2. What specific targets under those SDGs can be identified based on the article’s content?

  • Target 3.4: Reduce premature mortality from non-communicable diseases and promote mental health

    The article’s entire scope is on understanding the trajectories of chronic, non-communicable diseases (NCDs) such as cardiovascular conditions, diabetes, and respiratory illnesses. It also places a strong emphasis on mental health, identifying a “Mental” pattern that is particularly prevalent in women and a key driver towards more complex health issues. The conclusion explicitly states that the research can “serve as a basis for… policies and strategies for the prevention and control of multimorbidity from an early age,” directly supporting the prevention and treatment goals of Target 3.4.

  • Target 3.5: Strengthen the prevention and treatment of substance abuse

    The study identifies a specific and persistent multimorbidity pattern in men characterized by “substance use disorders or dependences (drugs, alcohol, or tobacco), mixed with liver diseases and HIV.” This finding directly relates to the need to address substance abuse and its severe health consequences, aligning with the objective of Target 3.5.
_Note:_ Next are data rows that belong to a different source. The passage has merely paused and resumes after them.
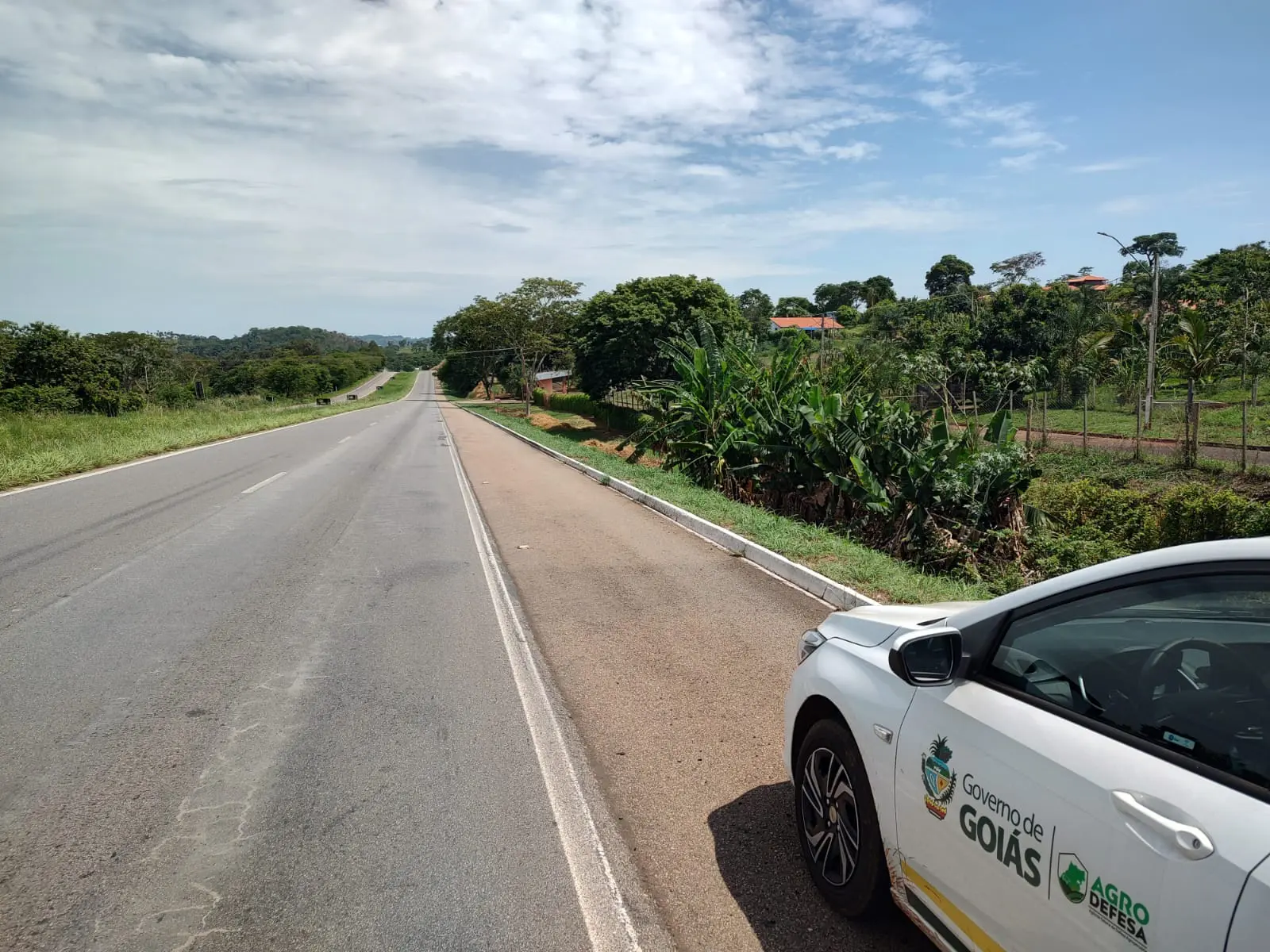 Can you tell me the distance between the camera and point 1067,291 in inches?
1984

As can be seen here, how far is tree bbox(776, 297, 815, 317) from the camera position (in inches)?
5226

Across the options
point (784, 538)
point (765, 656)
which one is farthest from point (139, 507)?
point (765, 656)

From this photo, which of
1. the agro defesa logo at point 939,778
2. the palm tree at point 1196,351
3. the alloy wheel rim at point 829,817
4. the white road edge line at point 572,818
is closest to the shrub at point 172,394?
the palm tree at point 1196,351

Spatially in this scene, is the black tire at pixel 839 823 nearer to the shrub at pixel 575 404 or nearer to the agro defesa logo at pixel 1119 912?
the agro defesa logo at pixel 1119 912

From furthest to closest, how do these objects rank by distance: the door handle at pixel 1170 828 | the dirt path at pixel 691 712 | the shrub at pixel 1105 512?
the shrub at pixel 1105 512 → the dirt path at pixel 691 712 → the door handle at pixel 1170 828

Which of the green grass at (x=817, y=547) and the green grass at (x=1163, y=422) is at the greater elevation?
the green grass at (x=1163, y=422)

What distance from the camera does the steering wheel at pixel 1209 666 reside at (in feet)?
7.23

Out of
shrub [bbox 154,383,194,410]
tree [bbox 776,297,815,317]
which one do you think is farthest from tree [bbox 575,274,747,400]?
tree [bbox 776,297,815,317]

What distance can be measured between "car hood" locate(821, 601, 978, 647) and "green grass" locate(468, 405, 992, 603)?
13.6 feet

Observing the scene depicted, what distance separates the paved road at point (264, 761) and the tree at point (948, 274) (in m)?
107

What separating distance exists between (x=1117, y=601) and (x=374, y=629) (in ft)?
19.4

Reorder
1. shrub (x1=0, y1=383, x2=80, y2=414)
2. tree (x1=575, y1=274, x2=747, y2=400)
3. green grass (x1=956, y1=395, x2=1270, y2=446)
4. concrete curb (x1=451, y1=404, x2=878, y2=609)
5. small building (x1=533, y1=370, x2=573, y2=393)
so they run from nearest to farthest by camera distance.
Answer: concrete curb (x1=451, y1=404, x2=878, y2=609) → green grass (x1=956, y1=395, x2=1270, y2=446) → tree (x1=575, y1=274, x2=747, y2=400) → shrub (x1=0, y1=383, x2=80, y2=414) → small building (x1=533, y1=370, x2=573, y2=393)

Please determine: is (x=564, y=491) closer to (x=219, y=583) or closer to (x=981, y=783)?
(x=219, y=583)

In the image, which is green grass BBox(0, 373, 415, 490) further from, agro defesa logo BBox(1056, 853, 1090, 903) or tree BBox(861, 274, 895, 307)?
tree BBox(861, 274, 895, 307)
  • Target 10.2: Promote social, economic and political inclusion of all, irrespective of age, sex… or economic or other status

    The research provides clear evidence of health exclusion based on economic status. The finding that “people in poorer areas often developed more complex and severe disease combinations earlier in life” highlights a significant health inequality. By analyzing how socioeconomic status impacts health trajectories, the study provides a basis for policies aimed at reducing these disparities and promoting more equitable health outcomes for all, which is the essence of Target 10.2.

3. Are there any indicators mentioned or implied in the article that can be used to measure progress towards the identified targets?

  • Prevalence of specific multimorbidity patterns

    The article identifies and quantifies the prevalence of various disease patterns (e.g., “Musculoskeletal,” “Mental,” “Cardiometabolic,” “Complex,” “Dependences + Liver disease”). These prevalence rates, when tracked over time and disaggregated by age, sex, and socioeconomic status, serve as direct indicators for monitoring the burden of NCDs and mental health conditions (relevant to Target 3.4) and substance abuse (Target 3.5).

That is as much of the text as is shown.